Declining Inflation and Monetary Policy Measures
One of the significant improvements highlighted by Fitch is the country’s disinflationary trend. Inflation has seen a substantial decline, easing to 2.4% in January 2025, marking a nine-year low. This drop is primarily attributed to falling prices of perishable food items and the central bank’s tight monetary policy stance, which has helped stabilize the exchange rate and curb inflationary pressures.
Fitch stated that rapid disinflation reflects fading base effects from earlier subsidy reforms and exchange rate stability. The stringent monetary policies have also subdued domestic demand and reduced external financing needs.
Economic Growth Outlook
Pakistan’s economic activity is gradually improving as stability returns and interest rates decline. According to Fitch, the country’s real value-added growth is expected to expand by 3.0% in FY25. Additionally, credit growth to the private sector turned positive in real terms in October 2024, marking the first time since June 2022 that this key economic indicator has shown improvement.
Current Account Surplus and Foreign Reserves
Fitch also highlighted the positive developments in Pakistan’s external accounts. The country recorded a current account (CA) surplus of $1.2 billion (over 0.5% of GDP), driven by strong remittance inflows, robust agricultural exports, and stringent economic policies.

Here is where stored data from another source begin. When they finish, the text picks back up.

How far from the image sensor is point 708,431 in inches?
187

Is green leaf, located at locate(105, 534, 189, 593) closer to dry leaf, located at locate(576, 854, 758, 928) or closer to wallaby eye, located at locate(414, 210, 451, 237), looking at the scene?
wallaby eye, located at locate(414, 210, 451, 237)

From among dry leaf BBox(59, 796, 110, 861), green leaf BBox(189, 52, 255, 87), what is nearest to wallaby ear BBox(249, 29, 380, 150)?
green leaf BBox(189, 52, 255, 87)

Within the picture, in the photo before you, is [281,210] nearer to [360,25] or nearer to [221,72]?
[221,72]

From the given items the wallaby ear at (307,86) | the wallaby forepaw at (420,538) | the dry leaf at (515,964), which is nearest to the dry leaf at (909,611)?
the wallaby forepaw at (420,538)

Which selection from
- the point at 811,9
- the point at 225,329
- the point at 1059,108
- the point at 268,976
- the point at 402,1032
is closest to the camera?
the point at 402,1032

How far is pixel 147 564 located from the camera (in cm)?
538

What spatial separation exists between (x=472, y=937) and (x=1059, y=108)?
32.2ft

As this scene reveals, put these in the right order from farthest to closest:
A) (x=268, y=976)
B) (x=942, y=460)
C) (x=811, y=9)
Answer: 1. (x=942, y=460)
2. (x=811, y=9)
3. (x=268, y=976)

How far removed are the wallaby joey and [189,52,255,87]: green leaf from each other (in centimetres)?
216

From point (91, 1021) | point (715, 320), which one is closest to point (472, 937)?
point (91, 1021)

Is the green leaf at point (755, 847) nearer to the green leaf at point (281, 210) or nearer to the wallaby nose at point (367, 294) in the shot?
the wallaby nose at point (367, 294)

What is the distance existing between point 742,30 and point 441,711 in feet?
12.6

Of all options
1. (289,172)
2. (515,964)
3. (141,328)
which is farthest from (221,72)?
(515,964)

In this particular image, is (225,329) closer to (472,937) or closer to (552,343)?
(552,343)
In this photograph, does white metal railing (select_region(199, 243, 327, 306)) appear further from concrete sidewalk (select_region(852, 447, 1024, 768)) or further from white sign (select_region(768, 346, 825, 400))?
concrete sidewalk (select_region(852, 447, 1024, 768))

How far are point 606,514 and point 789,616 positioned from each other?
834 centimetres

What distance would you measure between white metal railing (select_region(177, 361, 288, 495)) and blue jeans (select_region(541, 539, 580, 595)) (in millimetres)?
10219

Foreign exchange market reforms in 2023 played a crucial role in facilitating this shift.
Moreover, Pakistan’s gross official foreign exchange reserves reached $18.3 billion by the end of 2024, covering approximately three months of external payments. This marks a significant increase from $15.5 billion in June 2024, outperforming targets under the IMF’s $7 billion Extended Fund Facility.

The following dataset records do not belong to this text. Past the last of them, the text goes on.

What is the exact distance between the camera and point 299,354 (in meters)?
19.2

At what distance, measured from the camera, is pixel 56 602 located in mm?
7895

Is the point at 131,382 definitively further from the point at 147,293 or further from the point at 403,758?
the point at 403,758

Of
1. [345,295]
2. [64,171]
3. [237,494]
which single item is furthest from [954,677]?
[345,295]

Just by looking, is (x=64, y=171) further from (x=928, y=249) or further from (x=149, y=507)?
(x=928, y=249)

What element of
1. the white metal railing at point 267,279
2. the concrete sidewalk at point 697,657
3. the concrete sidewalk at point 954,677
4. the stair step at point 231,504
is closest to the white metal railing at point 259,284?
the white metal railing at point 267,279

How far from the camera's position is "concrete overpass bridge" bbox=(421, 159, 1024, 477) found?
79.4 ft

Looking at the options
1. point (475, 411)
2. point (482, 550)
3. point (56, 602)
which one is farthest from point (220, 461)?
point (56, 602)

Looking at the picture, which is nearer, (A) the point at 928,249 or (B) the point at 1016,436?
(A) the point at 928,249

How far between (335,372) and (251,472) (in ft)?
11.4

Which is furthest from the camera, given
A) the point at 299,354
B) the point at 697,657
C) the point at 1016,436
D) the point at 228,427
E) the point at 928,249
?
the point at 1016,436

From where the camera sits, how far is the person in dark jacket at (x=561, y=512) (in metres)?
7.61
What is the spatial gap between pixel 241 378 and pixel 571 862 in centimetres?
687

Challenges Ahead: External Financing Risks
Despite these positive economic indicators, Pakistan faces substantial external financing challenges. The country must repay over $22 billion in external debt obligations in FY25, including nearly $13 billion in bilateral deposits.
Securing external financing remains a major challenge due to large debt maturities and existing lender exposures. Last month, Pakistan secured a $1 billion loan from two Middle Eastern banks at an interest rate of 6-7%, as confirmed by the finance minister. Additionally, the central bank has set a target to raise up to $4 billion from Middle Eastern commercial banks by the next fiscal year.
Pakistan is currently undergoing economic reforms under the $7 billion IMF program, with its first review scheduled for later this month. Fitch has cautioned that any deterioration in external liquidity, such as delays in IMF reviews, could negatively impact the country’s credit rating.
Conclusion
While Pakistan has made commendable progress in restoring economic stability and strengthening external reserves, significant challenges remain. The success of upcoming IMF reviews, continued financial support from international lenders, and effective economic reforms will be key determinants of Pakistan’s long-term economic outlook. Maintaining fiscal discipline, boosting investor confidence, and ensuring sustainable economic growth will be essential for securing a stable and prosperous future.